## Task details
Only the lines below between the one holding "Thumbnail 4 of" and the one holding "La Façade d'un magasin pour enfant Okaïdi.", inclusive, are to be reproduced word for word; the pictures are to be left out.

## Supplied data
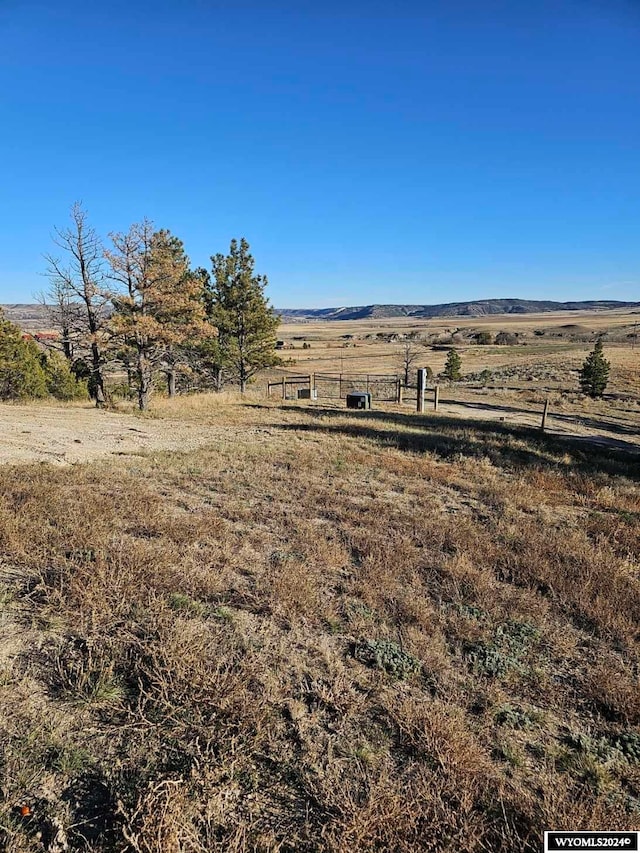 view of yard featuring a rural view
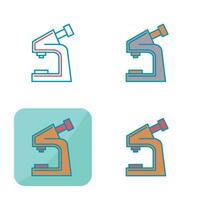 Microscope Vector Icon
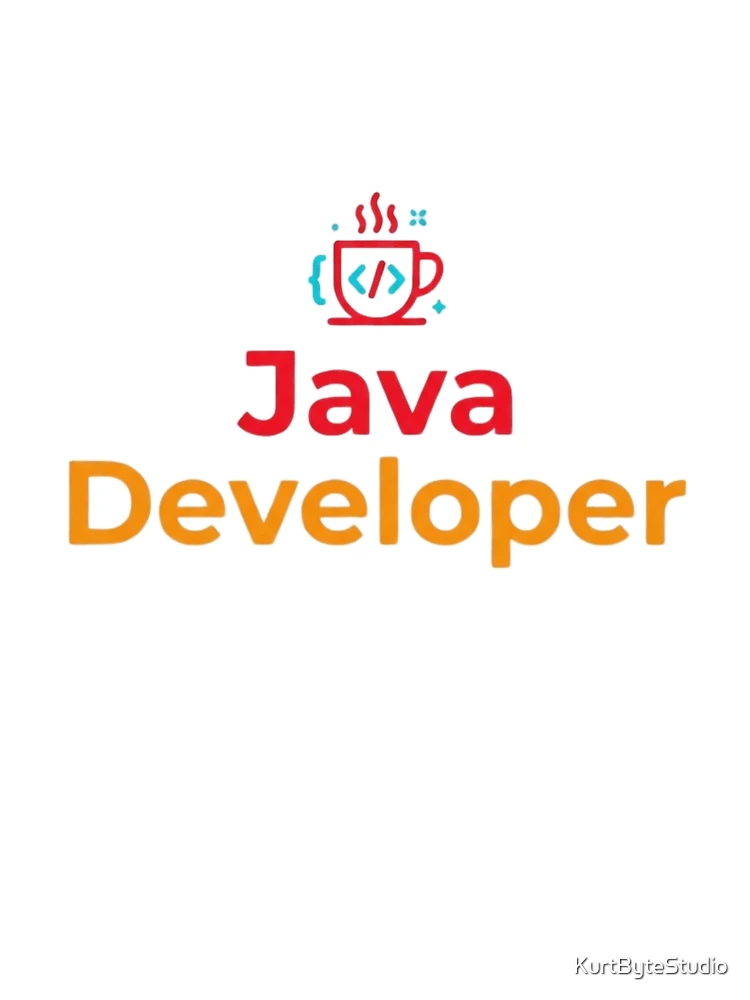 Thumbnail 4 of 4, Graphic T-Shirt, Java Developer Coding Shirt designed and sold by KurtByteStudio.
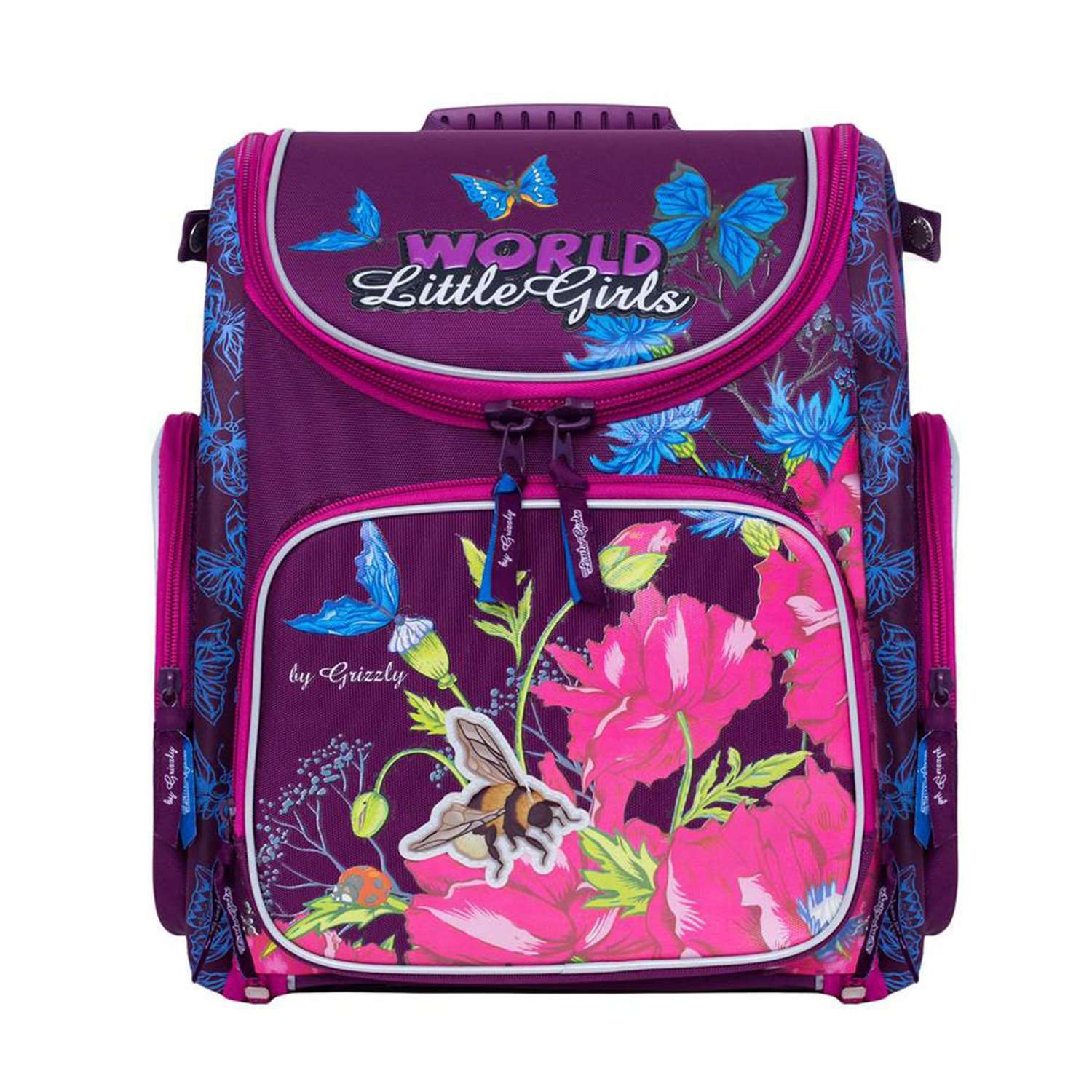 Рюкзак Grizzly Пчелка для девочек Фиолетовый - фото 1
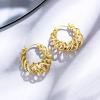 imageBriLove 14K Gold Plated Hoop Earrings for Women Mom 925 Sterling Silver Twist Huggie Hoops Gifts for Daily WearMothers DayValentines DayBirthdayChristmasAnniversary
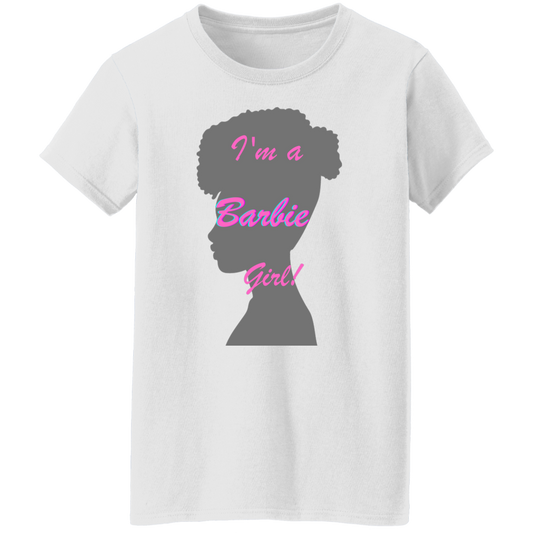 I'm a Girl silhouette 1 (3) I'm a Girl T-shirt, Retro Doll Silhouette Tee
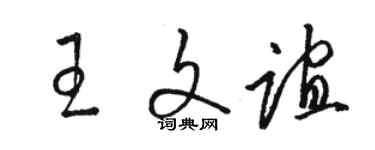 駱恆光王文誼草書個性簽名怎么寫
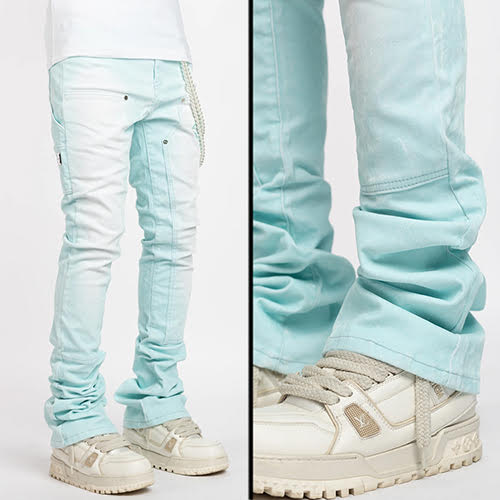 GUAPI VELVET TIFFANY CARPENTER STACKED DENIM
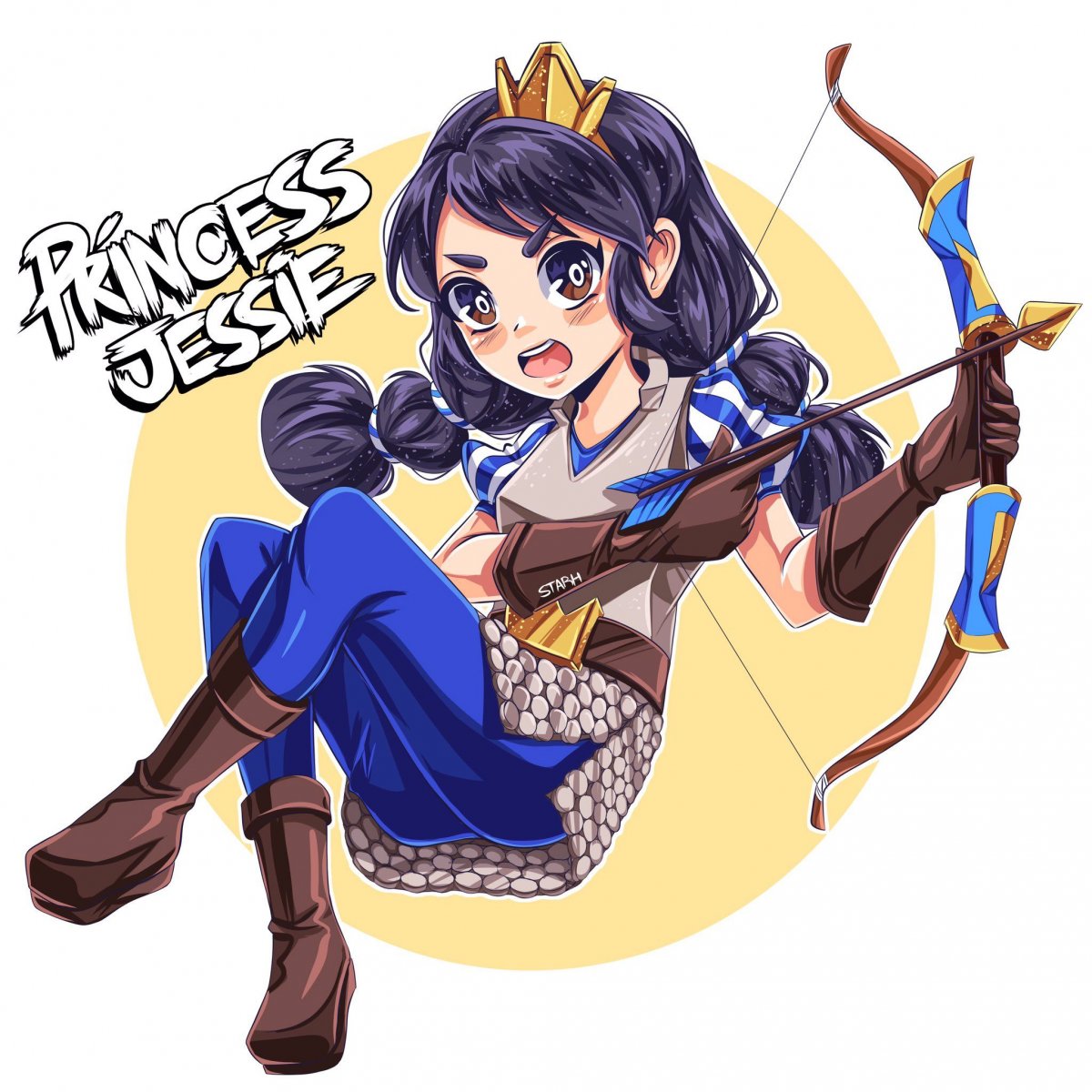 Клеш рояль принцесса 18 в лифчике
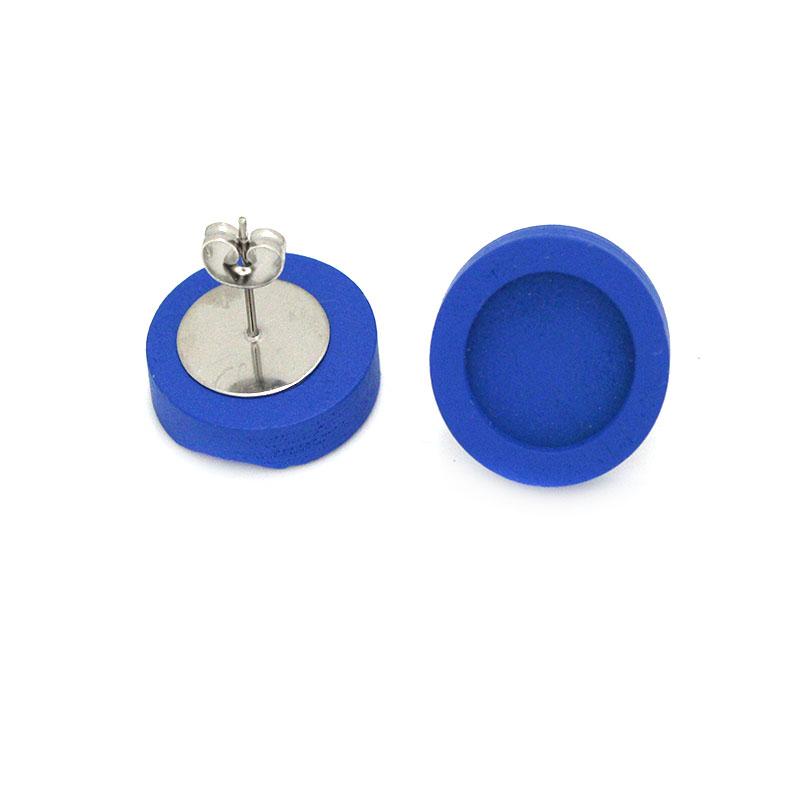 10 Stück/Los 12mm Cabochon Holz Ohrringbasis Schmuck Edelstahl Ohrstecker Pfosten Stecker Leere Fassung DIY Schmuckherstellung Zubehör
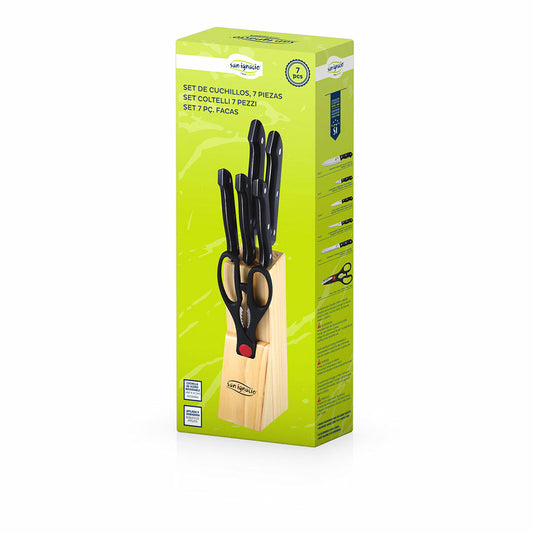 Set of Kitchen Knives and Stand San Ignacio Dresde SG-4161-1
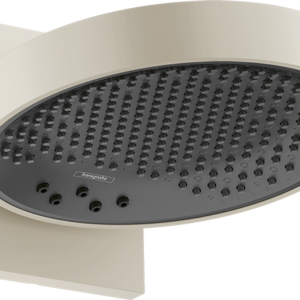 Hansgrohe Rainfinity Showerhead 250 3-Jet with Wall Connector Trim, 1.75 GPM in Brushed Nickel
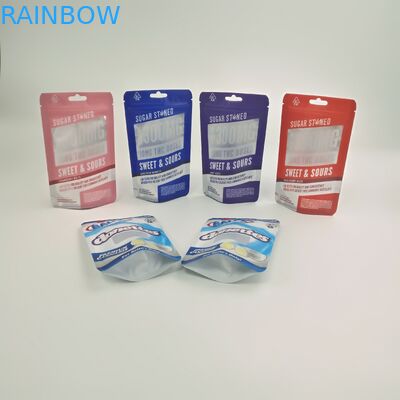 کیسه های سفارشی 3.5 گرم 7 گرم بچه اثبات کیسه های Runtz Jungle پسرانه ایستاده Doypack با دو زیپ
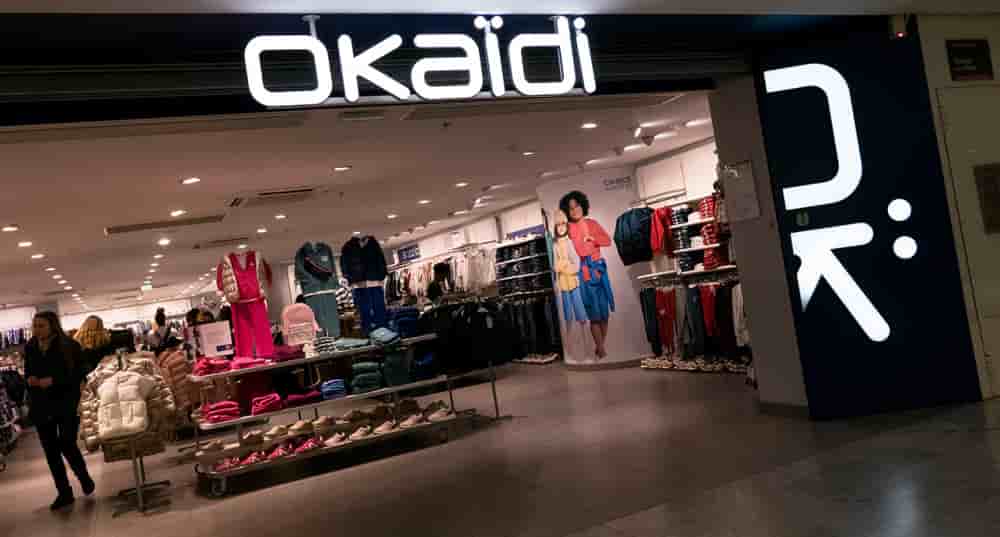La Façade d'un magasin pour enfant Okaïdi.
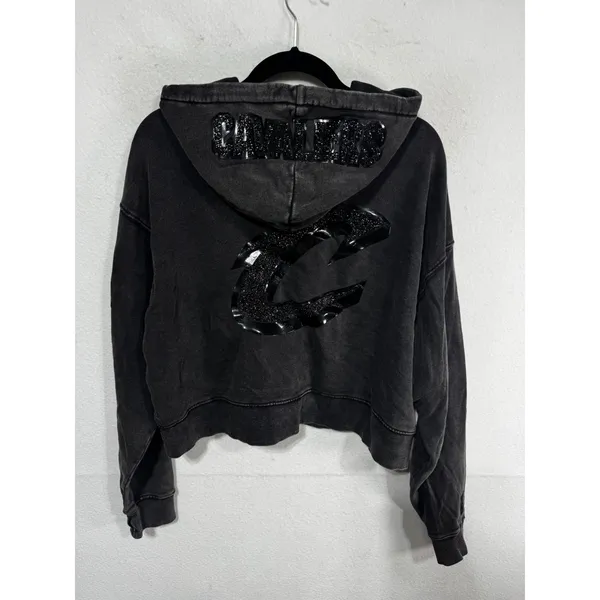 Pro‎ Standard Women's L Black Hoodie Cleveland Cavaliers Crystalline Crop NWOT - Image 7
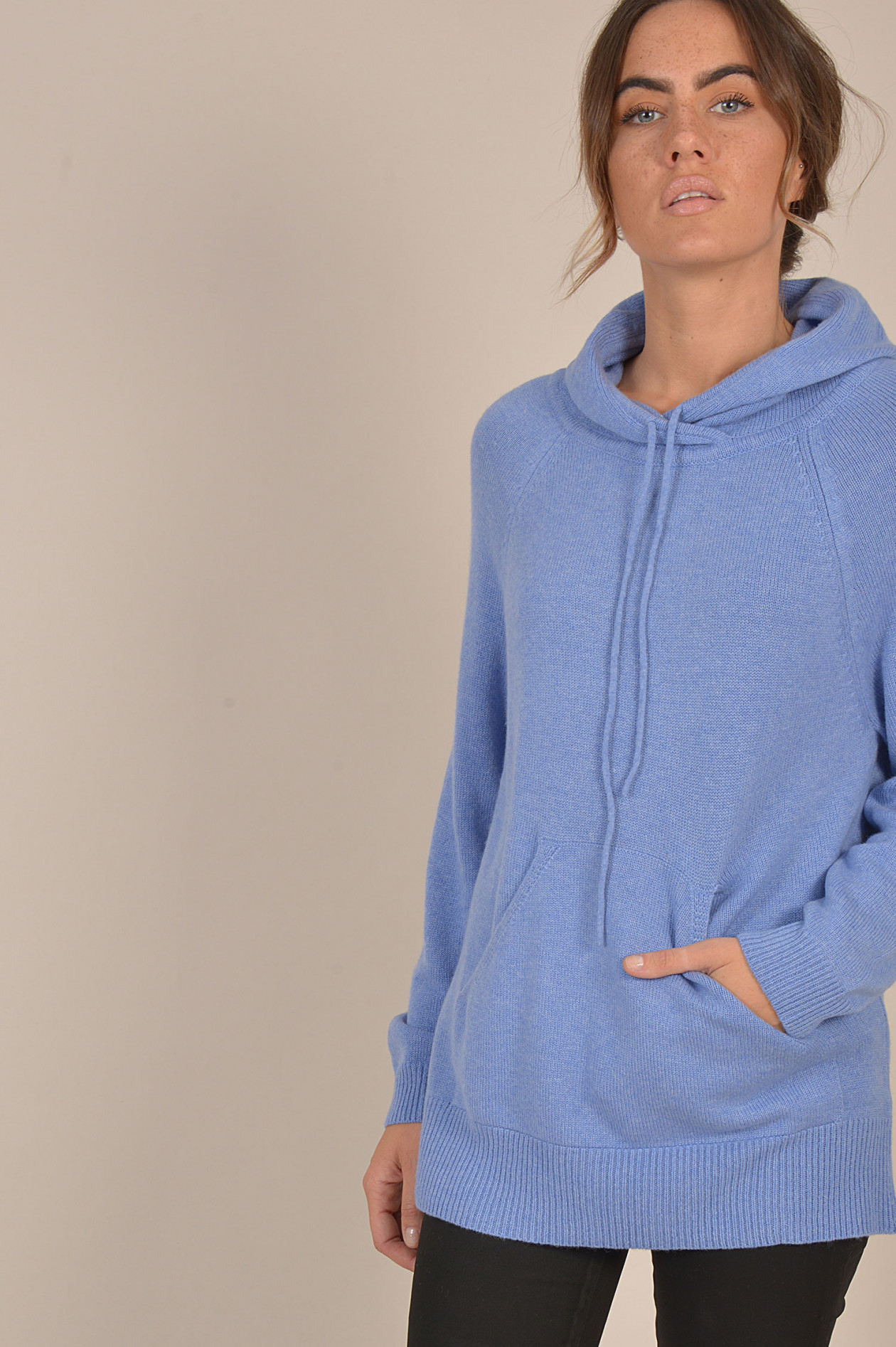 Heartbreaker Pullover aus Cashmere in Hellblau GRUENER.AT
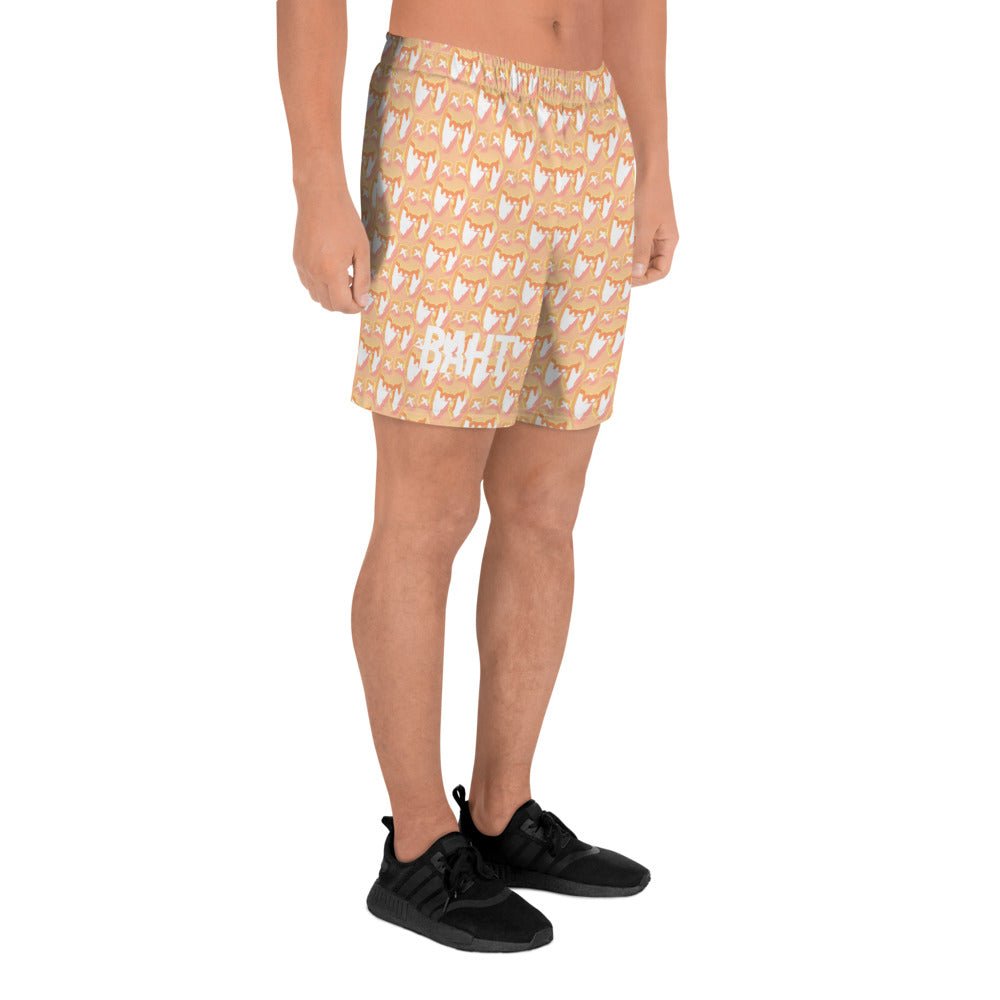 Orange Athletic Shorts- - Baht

## Result of this task
 Thumbnail 4 of 4, Graphic T-Shirt, Java Developer Coding Shirt designed and sold by KurtByteStudio.
 Рюкзак Grizzly Пчелка для девочек Фиолетовый - фото 1
 imageBriLove 14K Gold Plated Hoop Earrings for Women Mom 925 Sterling Silver Twist Huggie Hoops Gifts for Daily WearMothers DayValentines DayBirthdayChristmasAnniversary
 I'm a Girl silhouette 1 (3) I'm a Girl T-shirt, Retro Doll Silhouette Tee
 駱恆光王文誼草書個性簽名怎么寫
 GUAPI VELVET TIFFANY CARPENTER STACKED DENIM
 Клеш рояль принцесса 18 в лифчике
 10 Stück/Los 12mm Cabochon Holz Ohrringbasis Schmuck Edelstahl Ohrstecker Pfosten Stecker Leere Fassung DIY Schmuckherstellung Zubehör
 Set of Kitchen Knives and Stand San Ignacio Dresde SG-4161-1
 Hansgrohe Rainfinity Showerhead 250 3-Jet with Wall Connector Trim, 1.75 GPM in Brushed Nickel
 کیسه های سفارشی 3.5 گرم 7 گرم بچه اثبات کیسه های Runtz Jungle پسرانه ایستاده Doypack با دو زیپ
La Façade d'un magasin pour enfant Okaïdi.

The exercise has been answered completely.